(Entries shown Opens)

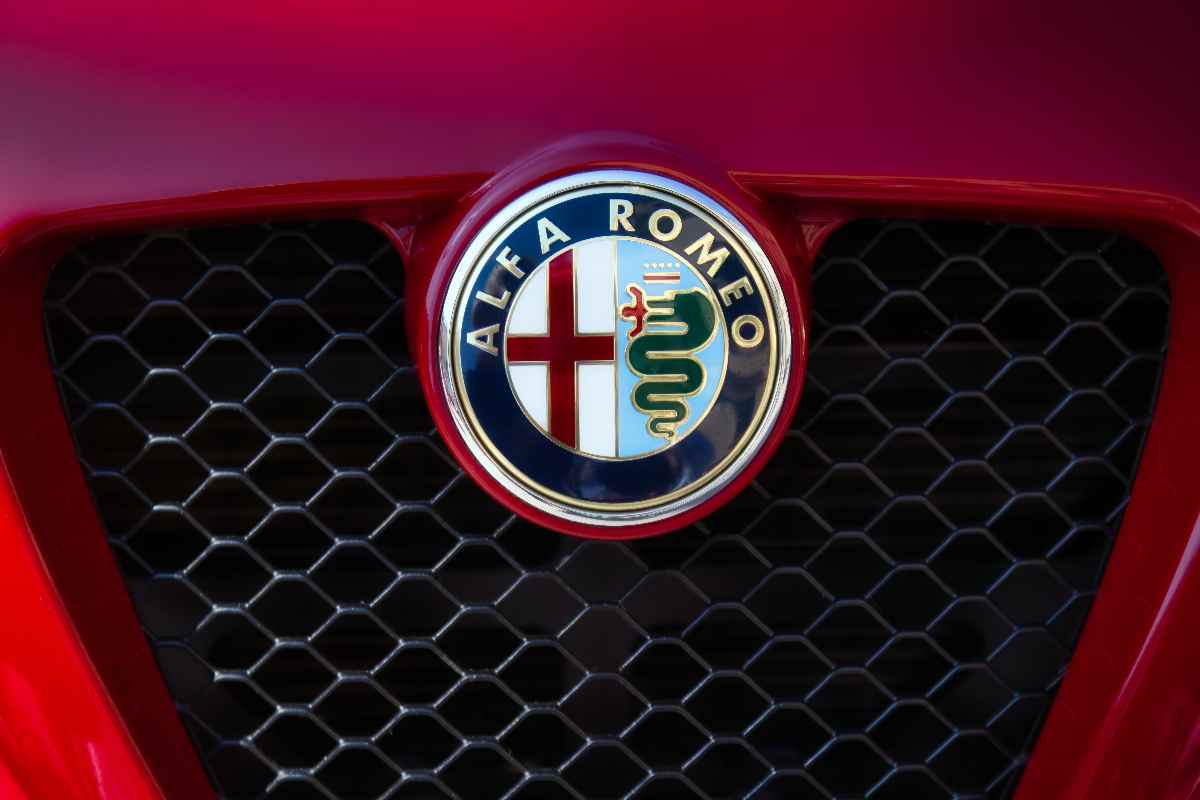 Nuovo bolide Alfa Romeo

(Entries shown Closes)
(Entries shown Opens)

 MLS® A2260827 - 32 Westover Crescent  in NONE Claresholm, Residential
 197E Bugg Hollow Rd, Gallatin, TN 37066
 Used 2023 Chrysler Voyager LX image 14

(Entries shown Closes)

▶ Required action: Among the entries above, copy exactly only the lines starting with the one containing "197E Bugg Hollow Rd, Gallatin, TN 37066" and going through the one containing "Used 2023 Chrysler Voyager LX image 14", both ends included.

▶ Response:
 197E Bugg Hollow Rd, Gallatin, TN 37066
 Used 2023 Chrysler Voyager LX image 14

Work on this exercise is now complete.